You can also allow domains on the commandline by using the -A or --allow flag and providing the domain name to allow. You can use the flag multiple times to allow multiple domains.

It is probably wise to include your own instance domain in an allowlist so you don't accidentally defederate from yourself.

More advanced configuration

For a list of possible configuration options, check the --help and read the sample configuration file in etc/sample.fediblockhole.conf.toml.

save_intermediate

This option tells the tool to save the unmerged blocklists it fetches from remote instances and URLs into separate files. This is handy for debugging, or just to have a non-unified set of blocklist files.

Works with the savedir setting to control where to save the files.

These are parsed blocklists, not the raw data, and so will be affected by import_fields.

The filename is based on the URL or domain used so you can tell where each list came from.

savedir

Sets where to save intermediate blocklist files. Defaults to /tmp.

blocklist_auditfile

If provided, will save an audit file of counts and percentages by domain. Useful for debugging thresholds. Defaults to None.

no_push_instance

Defaults to False.

When set, the tool won't actually try to push the unified blocklist to any configured instances.

If you want to see what the tool would try to do, but not actually apply any updates, use --dryrun.

no_fetch_url

Skip the fetching of blocklists from any URLs that are configured.

no_fetch_instance

Skip the fetching of blocklists from any remote instances that are configured.

override_private_comment

Defaults to None.

Stamp all new blocks pushed to a remote server with this comment or code. Helps to identify blocks you've created on a server via Fediblockhole versus ones that already existed.

mergeplan

If two (or more) blocklists define blocks for the same domain, but they're different, mergeplan tells the tool how to resolve the conflict.

max is the default. It uses the highest severity block it finds as the one that should be used in the unified blocklist.

min does the opposite. It uses the lowest severity block it finds as the one to use in the unified blocklist.

A full discussion of severities is beyond the scope of this README, but here is a quick overview of how it works for this tool.

The severities are:

With mergeplan set to max, silence would take precedence over noop, and suspend would take precedence over both.

With mergeplan set to min, silence would take precedence over suspend, and noop would take precedence over both.

You would want to use max to ensure that you always block with whichever your harshest fellow admin thinks should happen.

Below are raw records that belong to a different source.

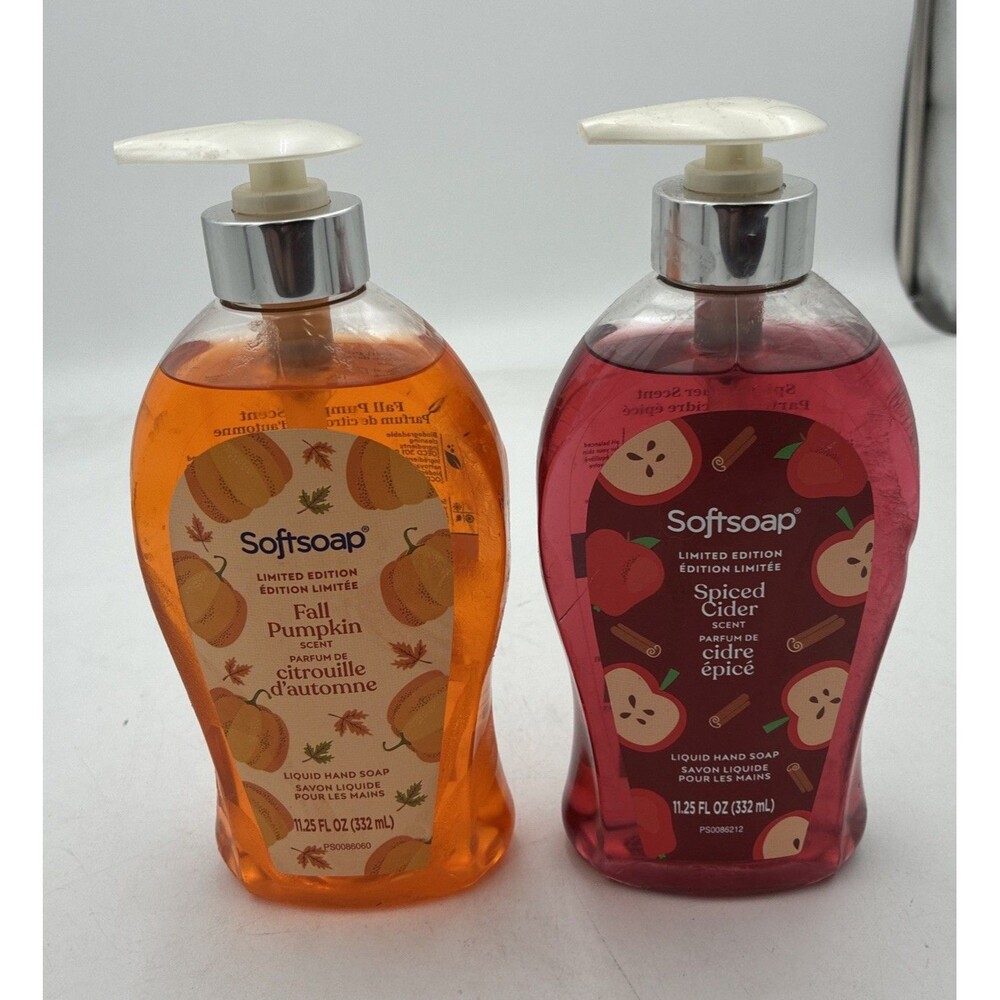 softsoap limited edition fall pumpkin and spiced cider 11.25fl oz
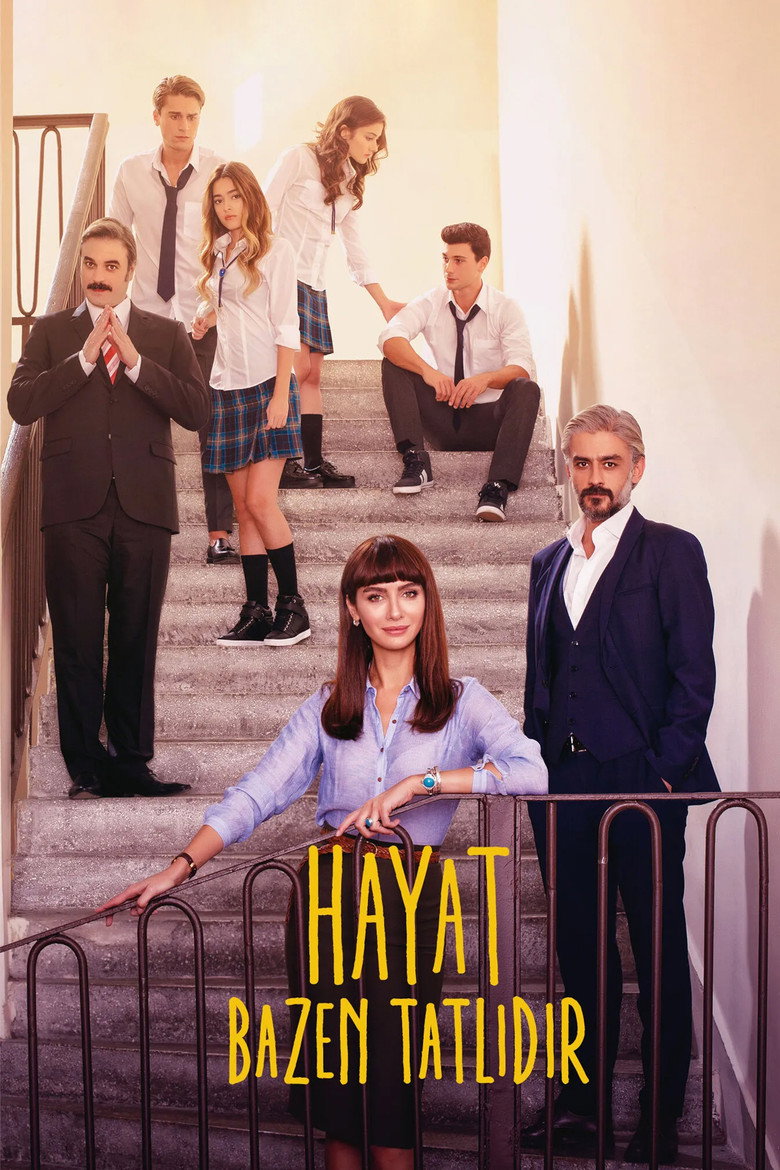 Hayat Bazen Tatlıdır dizi posteri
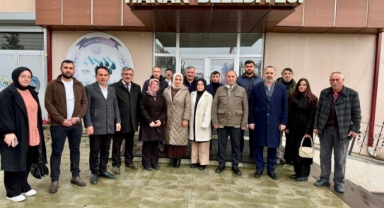 AK PARTİ’DE HAREKETLİLİK: MKYK ÜYESİ AKYOL SAHADA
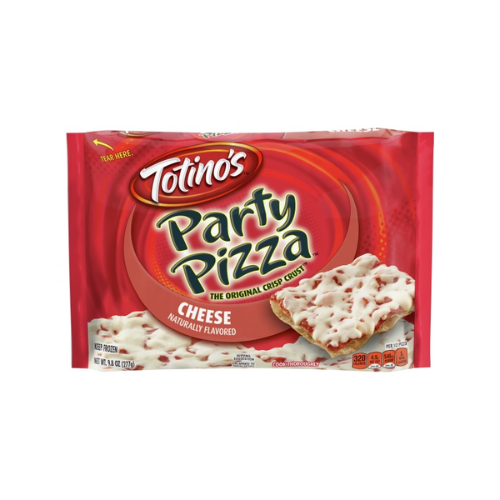 Totino's Cheese Party Pizza 10.5 oz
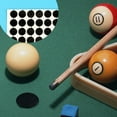 thumbnail image 4 of Billiard Table Points Self-Adhesive Billiards Snooker Ball Point Sitcker Billiard Accessories, 4 of 8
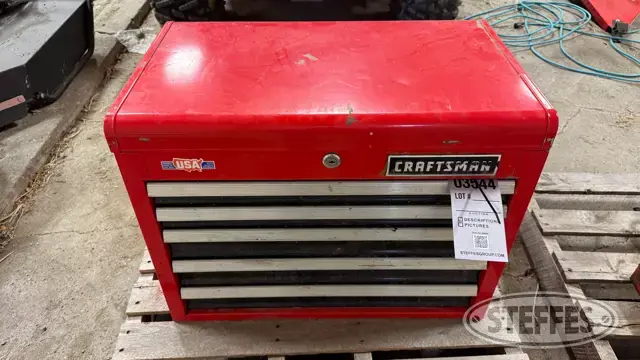 Craftsman toolbox w/contents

You would want to use min to ensure that your blocks do what your most lenient fellow admin thinks should happen.

import_fields

import_fields controls which fields will be imported from remote instances and URL blocklists, and which fields are pushed to instances from the unified blocklist.

The fields domain and severity are always included, so only define extra fields, if you want them.

You can't export fields you haven't imported, so export_fields should be a subset of import_fields, but you can run the tool multiple times. You could, for example, include lots of fields for an initial import to build up a comprehensive list for export, combined with the --no-push-instances option so you don't actually apply the full list to anywhere.

Then you could use a different set of options when importing so you have all the detail in a file, but only push public_comment to instances.

export_fields

export_fields controls which fields will get saved to the unified blocklist file, if you export one.

The fields domain and severity are always included, so only define extra fields, if you want them.